Using the Power of Crowds to Answer “What Should We Do Tonight?”
- Crowdsourcing is here to help you live your best life. Cheers! ?
This post was originally published on the Digital Initiative’s classroom blogging platform.
Leveraging the real-time data from crowds to make the best of the day and night
Using the power of crowds to find the crowds
Whether you have lived in a city for many years, or are visiting a city on vacation for the first time, one is constantly faced with two highly relevant questions?—?1) what should I do tonight / today? and 2) will there be other people there? While there are some resources to provide guides to transitory events happening in a city (concerts, street fairs, etc.) and review websites like Yelp or TripAdvisor which can help you have an idea of what is going on in any particular city, these all rely on static data. Imagine receiving traffic updates which say the 101 freeway is typically backed-up between 4–7PM or accidents are likely this weekend on the 405 because of heavy rain conditions; while helpful, what you really need is what is the current state of the traffic right now.
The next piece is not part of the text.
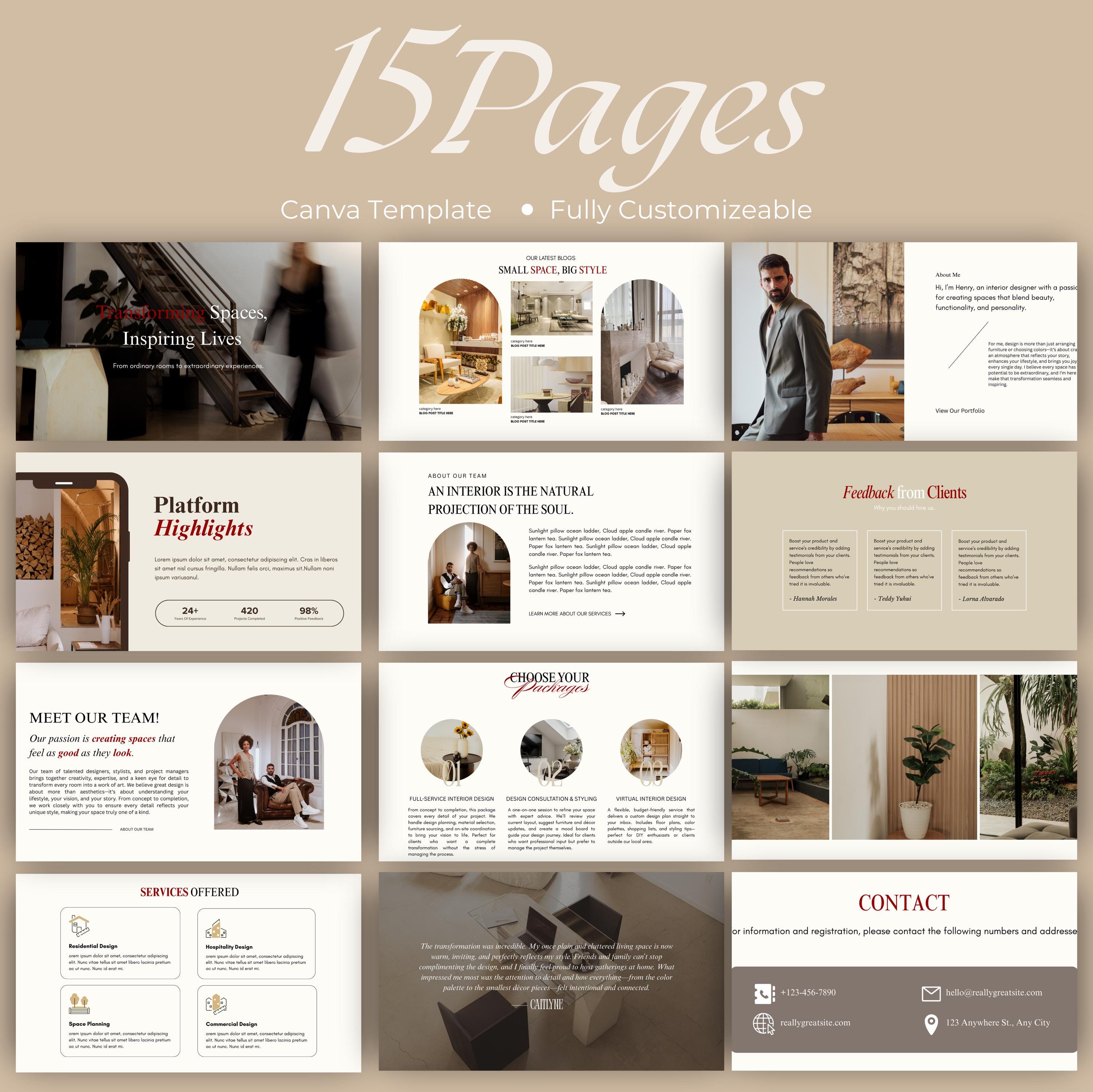Interior Design Website Template | Interior Designer Portfolio ...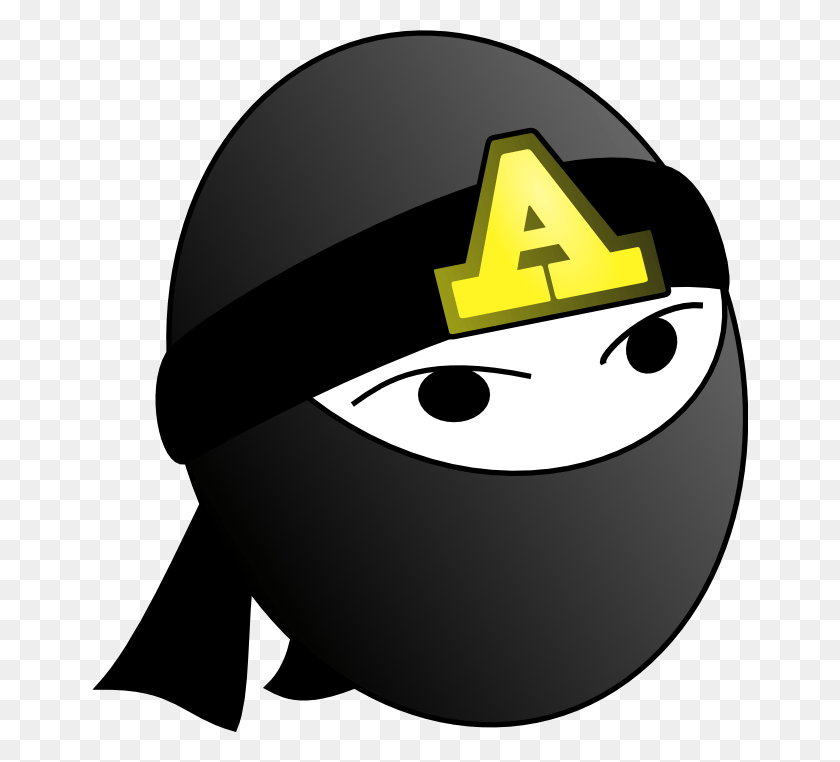 656x702 Abap Ninja Cartoon, Шлем, Одежда, Одежда Hd Png Скачать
Similar to the way the Waze transformed traffic reporting by leveraging the power of crowds imagine if you had to find the ability to figure out where people in the city were going right now and overlay it with event calendars, restaurant / bar directories, and business directories. Often people are not even aware of events going on in their own city; there isn’t currently one great resource for discovering local events, and even if there were there are not great ways to figure out if the event is well-attend or not. By seeing where people are currently or intended to head (can add a intent to attend function), one can effectively discover events throughout the city. Add some filters (age, gender, interests etc.) and you have a very powerful tool to figuring out what is happening in the city and find what like minded people are doing at any particular time.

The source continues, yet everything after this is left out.